Similarities to other situations but it is good to read your story. Thanks for sharing. 

I'm glad you are doing better and moving forward with your wife. 

Was her om married? If yes did you at leas let his wife know?
_Posted via Mobile Device_


----------



## Thorburn (Nov 23, 2011)

Godd job my man. Sorry you are going through this but your posts on how you did the investigative work is classic.


----------



## The Middleman (Apr 30, 2012)

DoveEnigma13 said:


> I was a lurker here during my problems with my wife's infidelity. I just want to thank everybody here for helping me out more than you will ever know.
> 
> You are the reason I had enough strength to end my suffering and seperate and file for divorce. Many of you had similar stories that I could relate to, and many had great advice on finding evidence and how to differentiate the difference between words and actions.
> 
> You are all my heroes.


You sir, are a role model .... for having the strength to do what was necessary to keep your self respect and dignity. 
:smthumbup:


----------



## badmemory (Jul 31, 2012)

It's good to know that just by reading other peoples threads, you found your way. Good gosh, I wish I'd found CWI, sooner. I'd have made a lot fewer mistakes after I discovered my wife's A. Not only that, I'd have discovered it a lot earlier.

So now you can help other BS's on here if that's your choosing.

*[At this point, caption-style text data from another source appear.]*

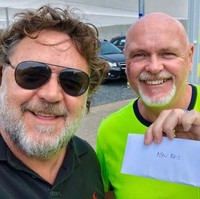 Seperti dikutip dari Boredpanda, aktor Russel Crowe menyumbangkan uang senilai USD 105 ribu atau sekitar Rp 1,4 miliar. Sumbangan diberikan langsung kepada Kapten New South Wales Rural Fire Service John Lardner. Foto: Instagram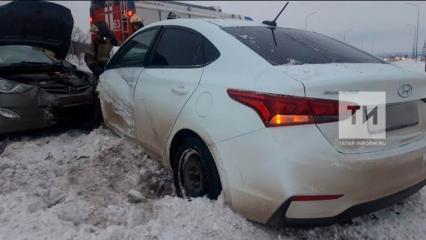 В результате аварии в Нижнекамском районе пострадали женщина и ребенок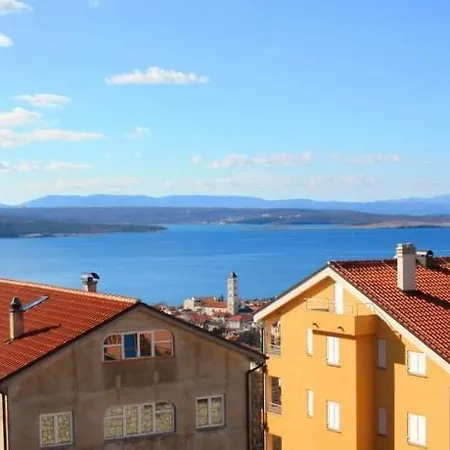 Two-bedroom Near Sea 5 Apartment *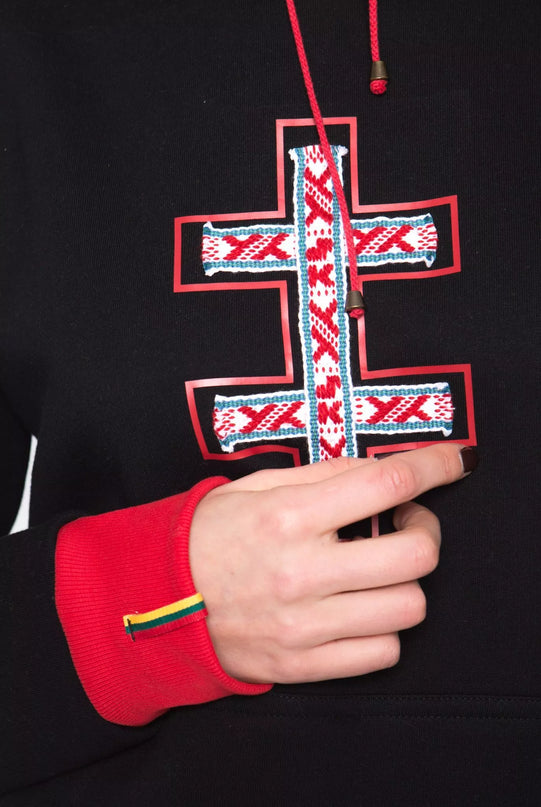 Sofa Killer juodas sportinis kostiumas su tautinėm juostom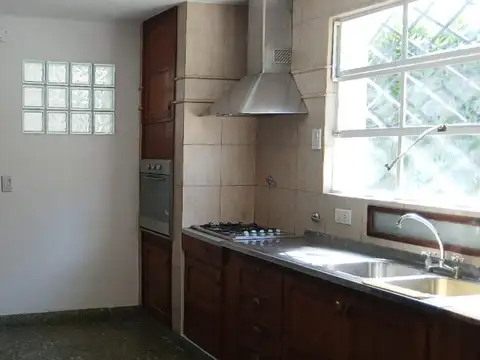 Casa en Alquiler al Noroeste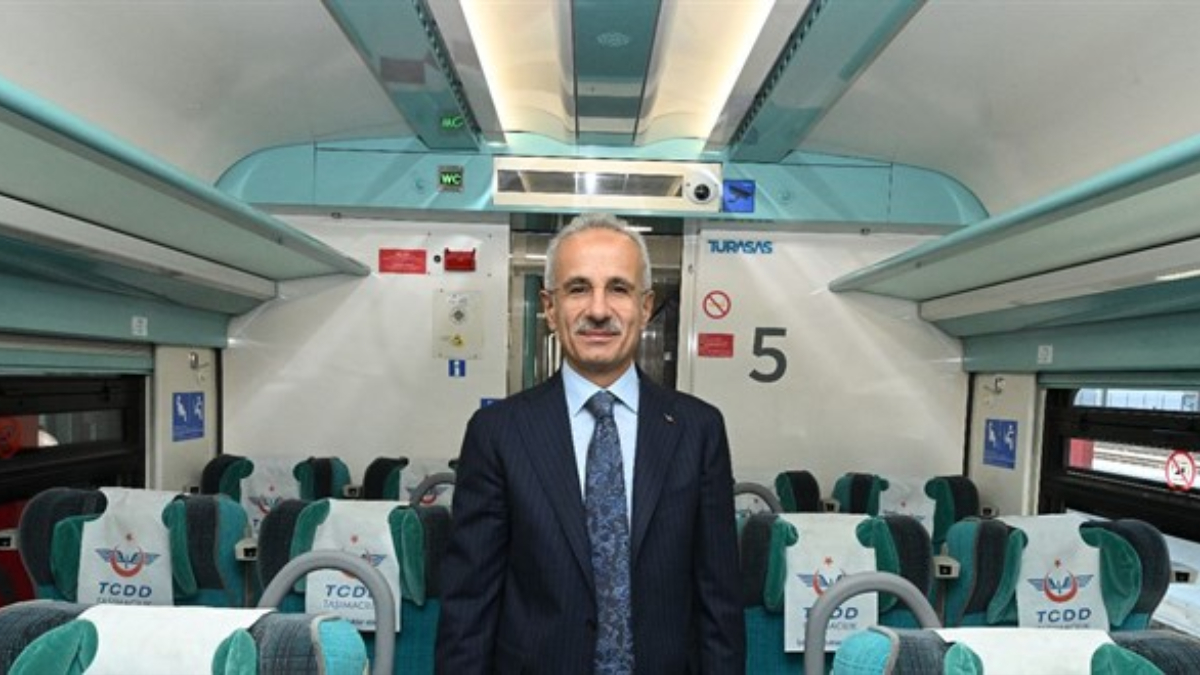Bakan Uraloğlu duyurdu Emeklilere trenlerde yüzde 10 indirim uygulanacak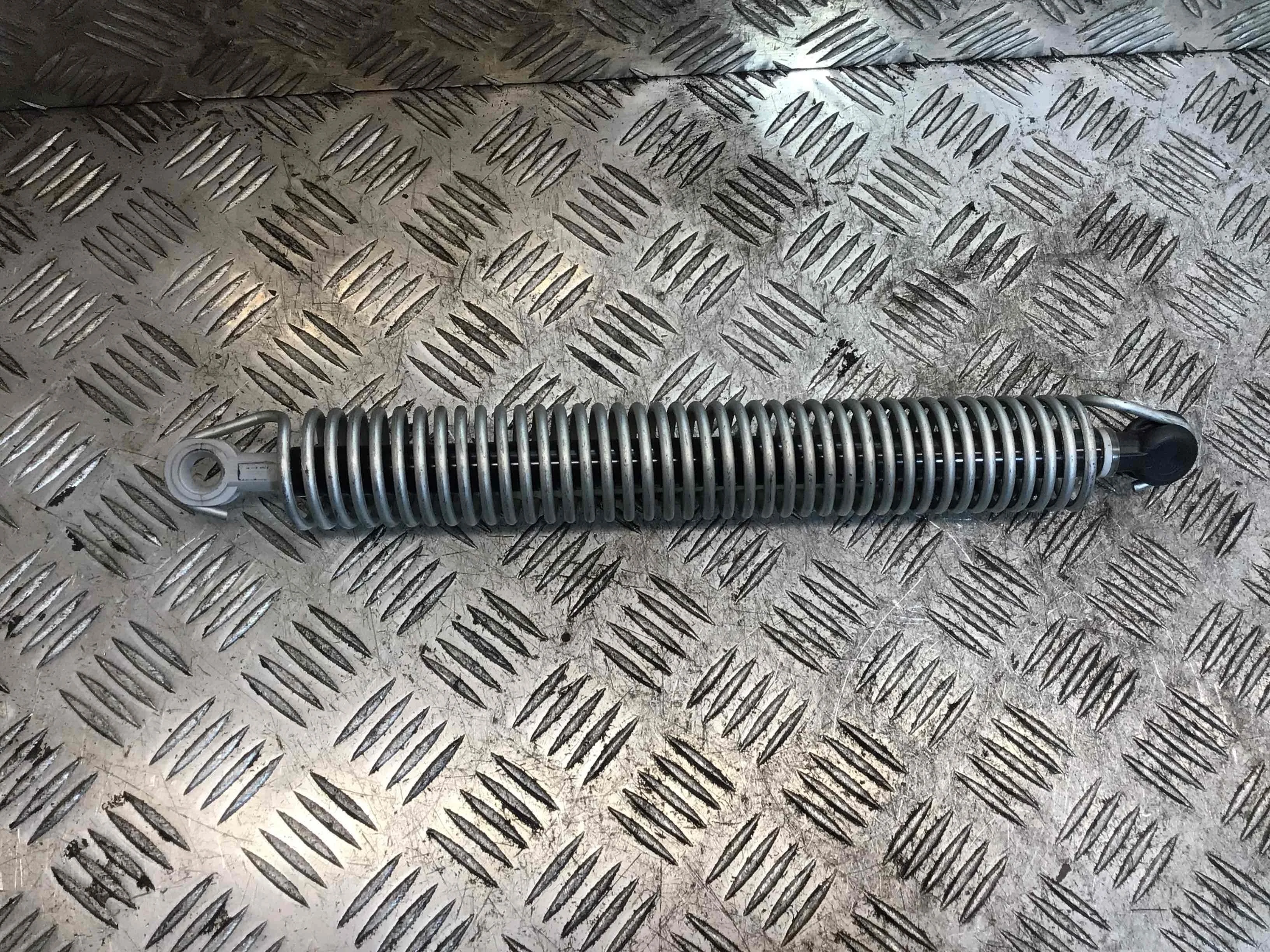 Амортизатор крышки багажника (3-5 двери) BMW 5-Series F10/F11/GT F07 (2009-2013) дизель 2.0 TD Механика Седан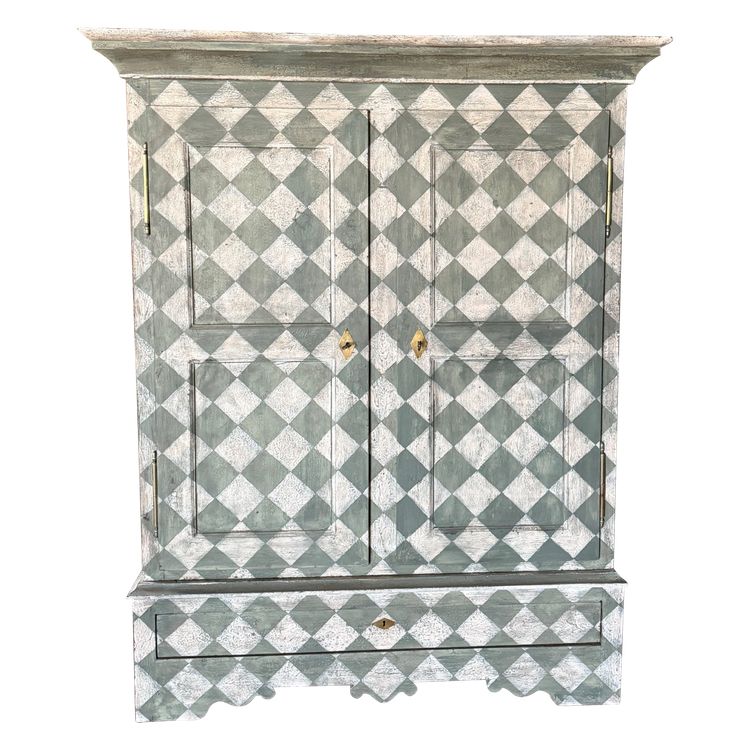 Lingère (garde robe)datant du 19e siècle patinée de forme carrée colorée 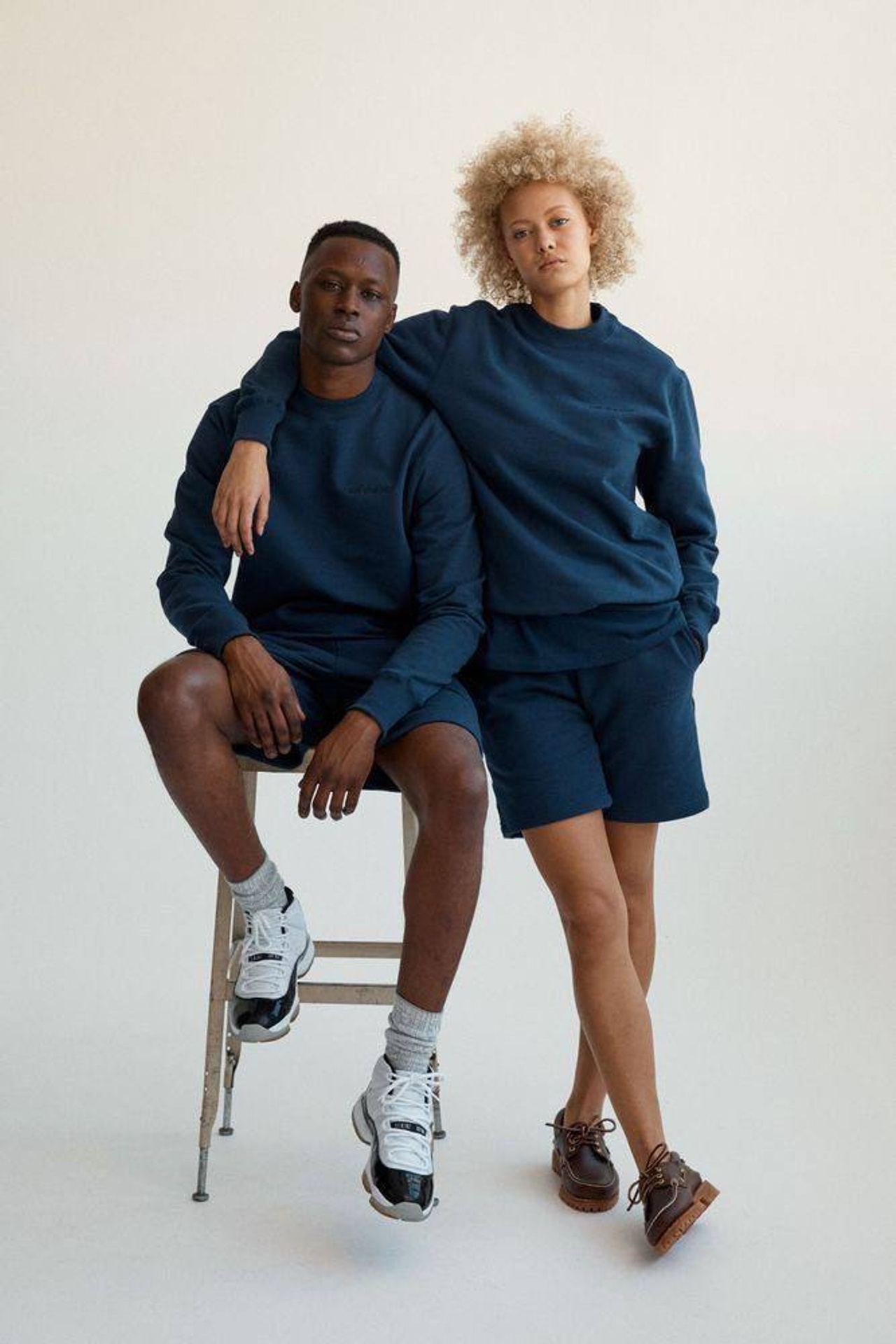 Профессиональная съемка oversize футболок для акцента на минималистичный дизайн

In regards to the OM. If he's married or has a SO, tell her as soon as feasible. Don't let the bast**d avoid a consequence. And expose your wife when you can. Don't give her the opportunity to re-write your marital history to your family and friends.


----------



## tom67 (Oct 2, 2012)

badmemory said:


> It's good to know that just by reading other peoples threads, you found your way. Good gosh, I wish I'd found CWI, sooner. I'd have made a lot fewer mistakes after I discovered my wife's A. Not only that, I'd have discovered it a lot earlier.
> 
> So now you can help other BS's on here if that's your choosing.
> 
> In regards to the OM. If he's married or has a SO, tell her as soon as feasible. Don't let the bast**d avoid a consequence. And expose your wife when you can. Don't give her the opportunity to re-write your marital history to your family and friends.


:iagree::iagree:


----------



## tom67 (Oct 2, 2012)

Put the om on cheaterville and send the link to as many at his workplace as you can.


----------



## BK23 (Apr 17, 2013)

Good for you, man! You handled this incredibly well. One added benefit of you not exposing your STBX, is you can now use exposure as a bargaining chip in divorce negotiations--she doesn't give you 50/50 custody and a favorable stress free divorce, you go nuclear.


----------



## Healer (Jun 5, 2013)

This is a success story. Good for you broseph.


----------



## DoveEnigma13 (Oct 31, 2013)

There's nothing to expose. Exposing at work would just cause problems for me. Nothing to expose for the OM. He was living with his parents when they started seeing each other. I could tell his parents, but that would do nothing for me.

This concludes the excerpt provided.